La segunda exposición revela pequeñas diferencias de fase de luz que fueron "eliminadas" por diferencias más grandes en la primera exposición. Esta pequeña diferencia de fase de luz restante se puede medir con una mayor sensibilidad debido a la iluminación más fuerte utilizada en la segunda exposición.
El análisis por computadora adicional reconstruye una imagen final de la muestra con un rango dinámico expandido a partir de los dos resultados de medición. En demostraciones de prueba de concepto, Los investigadores estiman que ADRIFT-QPI produce imágenes con una sensibilidad siete veces mayor que las imágenes de fase cuantitativa convencionales.
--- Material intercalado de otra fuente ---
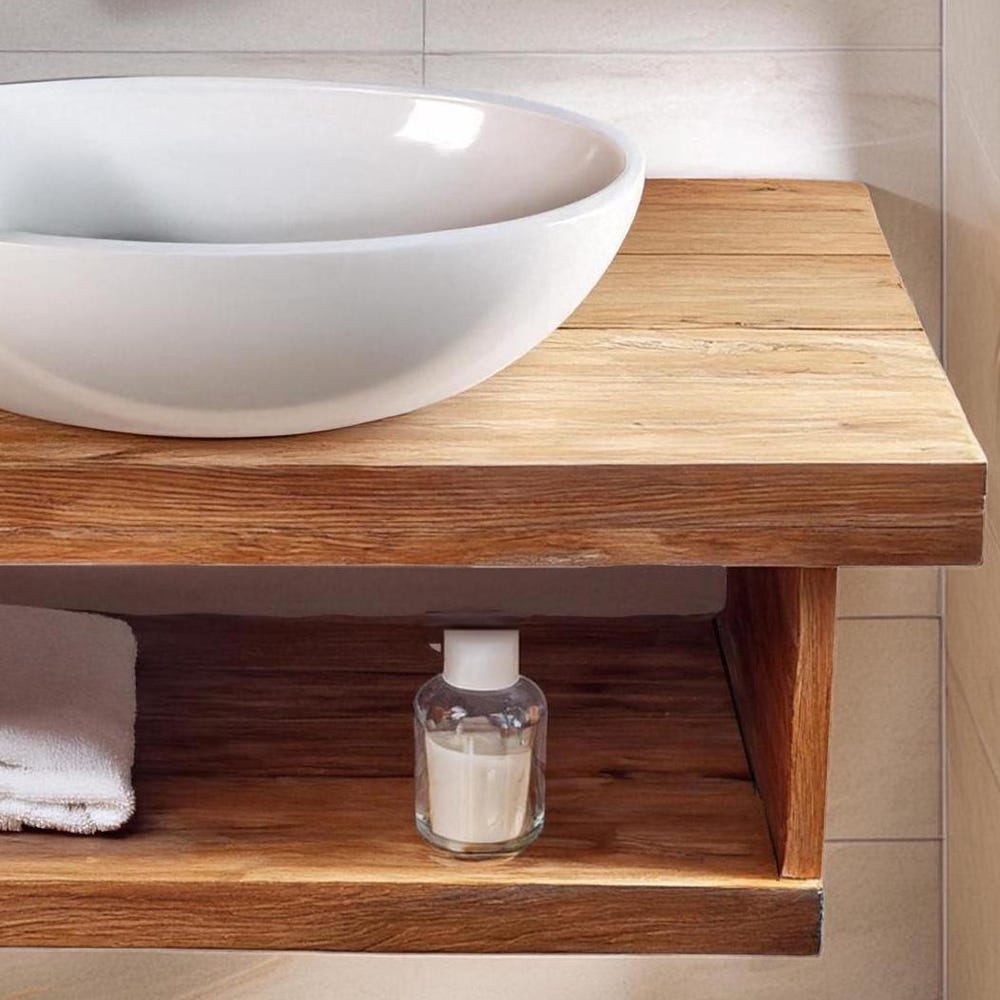 Wooden Floating Bathroom Vanity Farmhouse Style Sink Shelf Live Edge Reclaimed Handcrafted cabinet table Handmade Rustic countertop table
Ideguchi dice que el verdadero beneficio de ADRIFT-QPI es su capacidad para ver partículas diminutas en el contexto de toda la célula viva sin necesidad de etiquetas o manchas.
"Por ejemplo, Se pueden detectar pequeñas señales de partículas a nanoescala como virus o partículas que se mueven dentro y fuera de una célula, que permite la observación simultánea de su comportamiento y el estado de la célula, "dijo Ideguchi.